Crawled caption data
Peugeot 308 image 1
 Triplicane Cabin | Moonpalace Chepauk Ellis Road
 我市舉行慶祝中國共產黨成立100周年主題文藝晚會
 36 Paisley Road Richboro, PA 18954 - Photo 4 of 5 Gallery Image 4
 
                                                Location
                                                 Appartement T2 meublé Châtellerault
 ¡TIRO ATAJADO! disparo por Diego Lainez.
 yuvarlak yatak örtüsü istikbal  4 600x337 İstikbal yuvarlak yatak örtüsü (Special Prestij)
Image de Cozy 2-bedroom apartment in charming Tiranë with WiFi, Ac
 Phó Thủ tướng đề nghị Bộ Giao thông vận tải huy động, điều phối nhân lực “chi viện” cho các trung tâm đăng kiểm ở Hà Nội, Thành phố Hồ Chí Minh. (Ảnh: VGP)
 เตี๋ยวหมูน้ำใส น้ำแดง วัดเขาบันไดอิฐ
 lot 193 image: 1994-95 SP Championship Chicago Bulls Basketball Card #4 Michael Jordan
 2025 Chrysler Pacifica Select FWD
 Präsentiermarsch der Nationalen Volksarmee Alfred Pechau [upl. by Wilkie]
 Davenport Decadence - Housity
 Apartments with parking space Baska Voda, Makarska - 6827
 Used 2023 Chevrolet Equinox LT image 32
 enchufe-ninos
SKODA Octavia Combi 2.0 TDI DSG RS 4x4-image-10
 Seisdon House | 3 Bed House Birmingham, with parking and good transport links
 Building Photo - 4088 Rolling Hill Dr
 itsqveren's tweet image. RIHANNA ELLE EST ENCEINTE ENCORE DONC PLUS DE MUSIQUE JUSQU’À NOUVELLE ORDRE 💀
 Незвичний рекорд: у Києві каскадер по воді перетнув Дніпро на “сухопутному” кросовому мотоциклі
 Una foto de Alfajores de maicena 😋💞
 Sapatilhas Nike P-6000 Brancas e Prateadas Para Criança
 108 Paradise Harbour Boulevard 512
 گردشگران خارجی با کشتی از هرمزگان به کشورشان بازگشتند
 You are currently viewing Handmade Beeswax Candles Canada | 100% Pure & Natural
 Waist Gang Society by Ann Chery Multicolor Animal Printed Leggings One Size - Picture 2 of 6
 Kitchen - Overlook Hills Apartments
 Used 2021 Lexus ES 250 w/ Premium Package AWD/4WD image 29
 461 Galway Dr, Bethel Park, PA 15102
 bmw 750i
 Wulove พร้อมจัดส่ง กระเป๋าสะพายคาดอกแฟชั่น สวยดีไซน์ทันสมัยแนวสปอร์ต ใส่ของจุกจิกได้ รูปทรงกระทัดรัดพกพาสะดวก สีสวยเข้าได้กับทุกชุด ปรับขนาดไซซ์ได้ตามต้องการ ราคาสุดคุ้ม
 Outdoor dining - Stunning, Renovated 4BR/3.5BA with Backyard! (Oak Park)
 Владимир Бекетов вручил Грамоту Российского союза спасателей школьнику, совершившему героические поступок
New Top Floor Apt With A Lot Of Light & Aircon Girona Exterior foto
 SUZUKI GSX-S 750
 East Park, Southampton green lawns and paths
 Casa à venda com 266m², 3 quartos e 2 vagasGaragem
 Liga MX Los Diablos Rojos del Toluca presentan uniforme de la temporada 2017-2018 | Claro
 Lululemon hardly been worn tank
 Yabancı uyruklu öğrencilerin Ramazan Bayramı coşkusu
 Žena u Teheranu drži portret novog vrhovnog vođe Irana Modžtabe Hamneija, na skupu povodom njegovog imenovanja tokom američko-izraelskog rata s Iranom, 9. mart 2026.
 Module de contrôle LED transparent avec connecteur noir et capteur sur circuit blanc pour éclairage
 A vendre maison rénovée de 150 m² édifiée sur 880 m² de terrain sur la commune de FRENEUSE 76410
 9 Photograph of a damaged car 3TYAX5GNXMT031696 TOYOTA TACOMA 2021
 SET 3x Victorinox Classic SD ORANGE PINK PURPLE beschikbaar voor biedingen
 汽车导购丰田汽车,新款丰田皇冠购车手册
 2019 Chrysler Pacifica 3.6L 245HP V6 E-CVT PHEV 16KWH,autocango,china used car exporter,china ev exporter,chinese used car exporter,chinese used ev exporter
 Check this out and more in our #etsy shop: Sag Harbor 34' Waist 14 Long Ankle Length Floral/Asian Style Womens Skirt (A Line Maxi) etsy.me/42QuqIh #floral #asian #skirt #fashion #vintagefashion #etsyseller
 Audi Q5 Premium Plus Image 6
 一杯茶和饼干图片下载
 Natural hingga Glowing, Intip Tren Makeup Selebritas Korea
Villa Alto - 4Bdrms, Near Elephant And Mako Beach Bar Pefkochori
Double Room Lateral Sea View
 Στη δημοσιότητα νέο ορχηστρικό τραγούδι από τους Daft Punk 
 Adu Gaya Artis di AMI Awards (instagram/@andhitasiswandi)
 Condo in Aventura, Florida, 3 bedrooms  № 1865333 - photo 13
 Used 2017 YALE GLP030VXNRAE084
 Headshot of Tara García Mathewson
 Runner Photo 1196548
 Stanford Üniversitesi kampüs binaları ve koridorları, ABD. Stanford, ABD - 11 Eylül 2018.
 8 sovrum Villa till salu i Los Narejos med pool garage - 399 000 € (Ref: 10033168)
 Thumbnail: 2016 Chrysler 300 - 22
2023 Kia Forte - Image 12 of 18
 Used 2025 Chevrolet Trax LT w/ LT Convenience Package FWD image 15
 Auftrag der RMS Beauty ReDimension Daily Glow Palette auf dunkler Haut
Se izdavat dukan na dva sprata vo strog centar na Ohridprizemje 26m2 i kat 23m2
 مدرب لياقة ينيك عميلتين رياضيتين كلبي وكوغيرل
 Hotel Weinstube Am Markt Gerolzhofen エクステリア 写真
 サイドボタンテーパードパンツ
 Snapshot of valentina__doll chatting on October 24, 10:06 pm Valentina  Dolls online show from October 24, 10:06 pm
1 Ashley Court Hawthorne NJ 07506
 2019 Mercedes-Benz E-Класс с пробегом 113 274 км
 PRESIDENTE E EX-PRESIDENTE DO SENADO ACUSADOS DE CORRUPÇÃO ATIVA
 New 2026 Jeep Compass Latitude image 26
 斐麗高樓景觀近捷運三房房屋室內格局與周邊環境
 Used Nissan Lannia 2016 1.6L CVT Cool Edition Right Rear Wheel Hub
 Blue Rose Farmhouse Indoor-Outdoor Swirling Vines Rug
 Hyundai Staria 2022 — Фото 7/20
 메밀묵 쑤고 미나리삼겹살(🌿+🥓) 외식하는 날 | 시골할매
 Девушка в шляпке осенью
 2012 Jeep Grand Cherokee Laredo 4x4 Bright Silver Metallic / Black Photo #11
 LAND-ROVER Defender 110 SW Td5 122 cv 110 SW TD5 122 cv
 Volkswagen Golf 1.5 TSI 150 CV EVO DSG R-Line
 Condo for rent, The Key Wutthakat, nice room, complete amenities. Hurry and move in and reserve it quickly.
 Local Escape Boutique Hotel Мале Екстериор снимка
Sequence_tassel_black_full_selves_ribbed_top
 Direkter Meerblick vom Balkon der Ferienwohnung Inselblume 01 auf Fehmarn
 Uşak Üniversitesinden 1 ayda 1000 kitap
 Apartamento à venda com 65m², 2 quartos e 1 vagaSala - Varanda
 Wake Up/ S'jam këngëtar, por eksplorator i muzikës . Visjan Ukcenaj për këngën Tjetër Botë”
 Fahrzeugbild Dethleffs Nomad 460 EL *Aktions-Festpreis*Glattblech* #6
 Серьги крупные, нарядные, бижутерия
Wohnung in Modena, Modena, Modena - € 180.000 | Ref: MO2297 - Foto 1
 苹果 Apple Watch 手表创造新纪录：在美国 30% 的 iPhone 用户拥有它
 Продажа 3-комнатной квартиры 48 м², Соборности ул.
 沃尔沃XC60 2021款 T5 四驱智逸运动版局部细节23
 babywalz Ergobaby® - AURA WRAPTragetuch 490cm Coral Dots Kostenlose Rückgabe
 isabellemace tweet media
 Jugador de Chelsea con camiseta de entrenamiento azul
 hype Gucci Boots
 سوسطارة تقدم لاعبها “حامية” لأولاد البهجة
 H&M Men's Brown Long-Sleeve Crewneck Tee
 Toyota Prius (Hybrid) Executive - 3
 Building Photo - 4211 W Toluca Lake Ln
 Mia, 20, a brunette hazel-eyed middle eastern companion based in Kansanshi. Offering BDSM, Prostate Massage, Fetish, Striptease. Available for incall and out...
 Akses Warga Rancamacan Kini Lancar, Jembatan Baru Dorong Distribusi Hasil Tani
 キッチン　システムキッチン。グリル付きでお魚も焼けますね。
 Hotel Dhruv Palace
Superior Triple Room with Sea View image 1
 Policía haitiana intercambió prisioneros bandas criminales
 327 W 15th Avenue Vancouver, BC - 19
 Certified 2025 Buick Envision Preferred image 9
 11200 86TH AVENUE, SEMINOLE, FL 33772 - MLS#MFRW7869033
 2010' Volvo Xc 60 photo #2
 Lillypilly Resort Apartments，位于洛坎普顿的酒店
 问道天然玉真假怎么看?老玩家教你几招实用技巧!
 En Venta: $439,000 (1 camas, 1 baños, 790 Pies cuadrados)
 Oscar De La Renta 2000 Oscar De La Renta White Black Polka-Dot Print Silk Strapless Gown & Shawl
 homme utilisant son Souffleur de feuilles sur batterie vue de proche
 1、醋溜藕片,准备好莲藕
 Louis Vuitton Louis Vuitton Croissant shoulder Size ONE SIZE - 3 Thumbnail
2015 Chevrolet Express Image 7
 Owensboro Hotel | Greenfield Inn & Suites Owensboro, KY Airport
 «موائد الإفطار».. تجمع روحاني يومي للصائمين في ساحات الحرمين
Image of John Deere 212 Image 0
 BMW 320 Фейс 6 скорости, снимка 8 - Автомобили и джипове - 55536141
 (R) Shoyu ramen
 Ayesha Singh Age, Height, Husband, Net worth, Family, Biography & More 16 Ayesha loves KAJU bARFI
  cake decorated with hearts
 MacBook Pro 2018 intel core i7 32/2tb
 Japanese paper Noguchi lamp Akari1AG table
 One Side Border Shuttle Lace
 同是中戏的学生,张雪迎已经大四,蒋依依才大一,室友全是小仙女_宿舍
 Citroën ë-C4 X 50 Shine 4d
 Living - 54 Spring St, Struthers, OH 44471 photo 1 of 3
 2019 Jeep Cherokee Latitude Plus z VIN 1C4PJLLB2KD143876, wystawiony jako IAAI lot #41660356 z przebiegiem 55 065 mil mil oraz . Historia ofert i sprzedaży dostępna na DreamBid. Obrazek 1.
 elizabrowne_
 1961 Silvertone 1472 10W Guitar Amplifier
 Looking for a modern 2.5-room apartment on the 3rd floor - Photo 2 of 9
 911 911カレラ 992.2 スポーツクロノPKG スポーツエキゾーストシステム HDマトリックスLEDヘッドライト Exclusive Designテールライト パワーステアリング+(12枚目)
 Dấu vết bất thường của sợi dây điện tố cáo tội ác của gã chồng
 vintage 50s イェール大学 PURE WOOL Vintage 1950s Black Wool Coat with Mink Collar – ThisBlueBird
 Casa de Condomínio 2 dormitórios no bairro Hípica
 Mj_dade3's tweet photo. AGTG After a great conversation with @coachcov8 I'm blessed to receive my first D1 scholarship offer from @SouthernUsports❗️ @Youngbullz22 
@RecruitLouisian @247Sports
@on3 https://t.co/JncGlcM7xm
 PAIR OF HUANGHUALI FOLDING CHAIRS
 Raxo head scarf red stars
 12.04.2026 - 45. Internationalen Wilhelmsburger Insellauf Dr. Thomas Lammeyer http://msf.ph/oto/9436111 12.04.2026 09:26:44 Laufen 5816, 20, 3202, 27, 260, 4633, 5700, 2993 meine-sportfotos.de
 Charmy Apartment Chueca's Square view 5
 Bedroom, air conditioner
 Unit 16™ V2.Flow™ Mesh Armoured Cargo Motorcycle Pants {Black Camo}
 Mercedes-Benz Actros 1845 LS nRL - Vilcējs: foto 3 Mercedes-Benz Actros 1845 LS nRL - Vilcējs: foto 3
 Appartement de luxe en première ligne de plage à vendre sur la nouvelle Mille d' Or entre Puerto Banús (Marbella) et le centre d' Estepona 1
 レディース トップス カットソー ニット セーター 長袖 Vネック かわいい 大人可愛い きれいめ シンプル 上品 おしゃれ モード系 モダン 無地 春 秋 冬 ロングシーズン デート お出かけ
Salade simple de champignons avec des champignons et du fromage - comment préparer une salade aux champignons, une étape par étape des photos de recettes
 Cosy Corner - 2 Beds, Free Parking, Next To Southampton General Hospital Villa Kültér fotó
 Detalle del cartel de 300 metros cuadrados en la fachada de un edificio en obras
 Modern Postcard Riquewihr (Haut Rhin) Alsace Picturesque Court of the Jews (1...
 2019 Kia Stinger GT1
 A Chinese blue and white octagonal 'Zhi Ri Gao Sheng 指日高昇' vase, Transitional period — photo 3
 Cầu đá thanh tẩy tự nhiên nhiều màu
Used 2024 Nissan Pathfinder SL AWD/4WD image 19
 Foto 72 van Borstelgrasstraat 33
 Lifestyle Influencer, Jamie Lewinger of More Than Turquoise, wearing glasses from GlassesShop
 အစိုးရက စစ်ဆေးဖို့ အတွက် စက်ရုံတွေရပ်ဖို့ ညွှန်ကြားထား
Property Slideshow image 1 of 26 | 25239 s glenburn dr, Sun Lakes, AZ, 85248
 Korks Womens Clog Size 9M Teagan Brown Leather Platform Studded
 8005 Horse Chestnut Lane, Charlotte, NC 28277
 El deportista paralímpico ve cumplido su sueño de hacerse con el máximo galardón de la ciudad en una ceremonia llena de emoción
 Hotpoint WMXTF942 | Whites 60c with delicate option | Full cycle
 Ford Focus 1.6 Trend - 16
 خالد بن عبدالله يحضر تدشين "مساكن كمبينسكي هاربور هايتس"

### [WHAT YOU ARE ASKED TO DO]
Check the records above and copy each line that has the string "Waist".

### [WORKED SOLUTION]
 Waist Gang Society by Ann Chery Multicolor Animal Printed Leggings One Size - Picture 2 of 6
 Check this out and more in our #etsy shop: Sag Harbor 34' Waist 14 Long Ankle Length Floral/Asian Style Womens Skirt (A Line Maxi) etsy.me/42QuqIh #floral #asian #skirt #fashion #vintagefashion #etsyseller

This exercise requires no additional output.